Üçüncüsü, her topluluğa girişte istenen ve ilk bakışta pek akla yakın gözüken bir koşul: AB'nin ‘‘müktesebat’’ını, yani şimdiye kadar çeşitli kararlar ve kurallarla oluşturulmuş ‘‘kazanım’’ı benimseme.

Son zamanlarda, bir de dördüncü koşuldan söz edilmeye başlandı; ama, pek kesinkes ortaya konmadan, arada sırada resmi ağızlardan çıkmakla birlikte ürkütücülüğünden ötürü adayların yüzüne açıkça çarpılmadan gevelenen bir koşul. Örneğin, İstanbul Barosu'nun İnsan Hakları Merkezi'nce geçen hafta sonu düzenlenen iki günlük toplantıda AB'nin Türkiye Temsilcisi söyledi: Her yeni üyenin AB'yi zayıflatmaması, kaldırılamıyacak kadar ağır bir yük oluşturmaması, kolayca sindirilmeden lök gibi mideye oturmaması.

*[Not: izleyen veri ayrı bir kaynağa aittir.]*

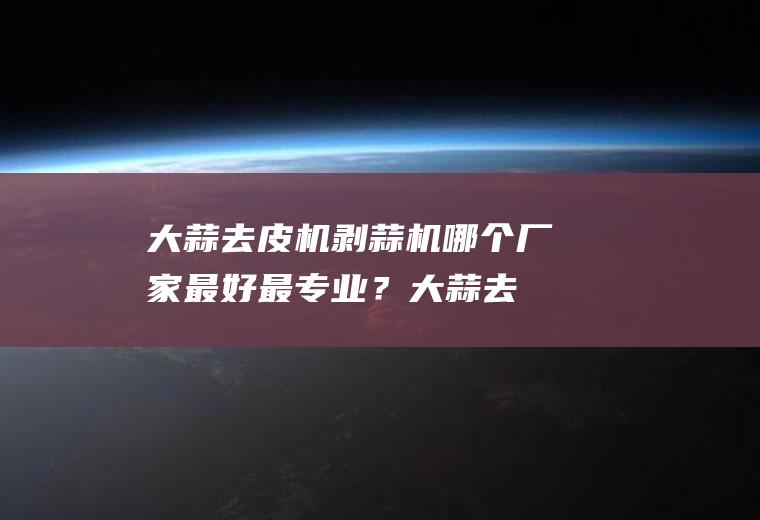 大蒜去皮机剥蒜机哪个厂家最好最专业？(大蒜去皮机器视频)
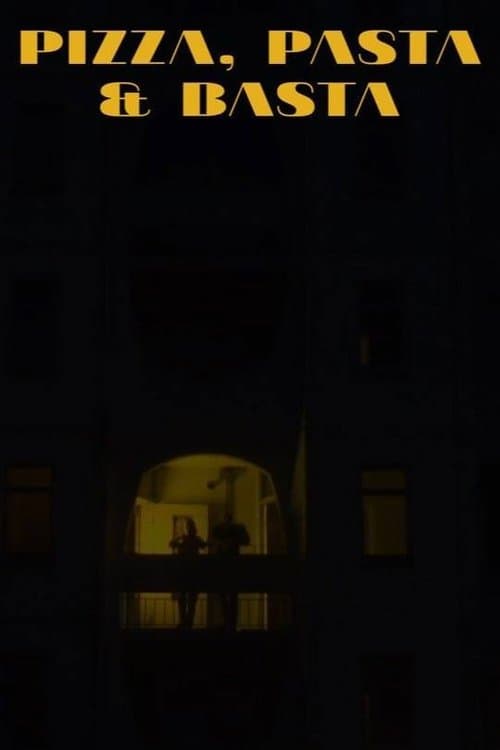 Pizza, Pasta and Basta poster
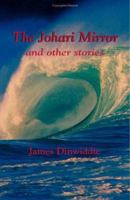 The Johari Mirror and Other Stories 1412010845 Book Cover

Bu son noktanın bütün ülkeler için taşıdığı olumsuz anlam ve Türkiye için Ege'yle Kıbrıs'a ilişkin ek koşullar bir yana, Kopenhag'da sayılan ölçütlerin her biri de aylarca tartışılıp bir yığın sorunun konusu olabilir.

Örneğin, din, mezhep ya da etnik farklılık temellerine dayalı siyasal partilerin kurulması da mı demokratik kurumsal yapının oluşturulmasına girer?

İnsan haklarının sağlam temellere oturtulması için ekonomik ve sosyal koşulların düzeltilmesi gerektiğine göre, pazar ekonomisinin kör koşullarına teslim olmak yerine stratejik planlamaya dayalı bir ekonomik gelişme politikası izlemek AB'ye ters düşmek anlamına mı gelecektir?

Hepsinden önemlisi, AB kazanımını kabullenmek uğruna, Avrupa Komisyonu denen yarı siyasal, yarı bürokratik nitelikteki bir organın zırt pırt değiştirdiği ‘‘direktif’’leri bile ulusal anayasanın üstünde kurallar olarak gözü kapalı benimsemek, sizin midenize lök gibi oturacağı anlaşılan bir Türkiye'nin de midesine bu kez hukuk bakımından lök gibi oturmaz mı?

Asıl soru kendimizedir: Şöyle bir durup bütün bunları yanlışlarıyla birlikte tartışmak varken, Avrupa aşkıyla yanıp tutuşarak başını kuzu kuzu kasap satırına uzatmakta acele etmek enayilik değildir de nedir?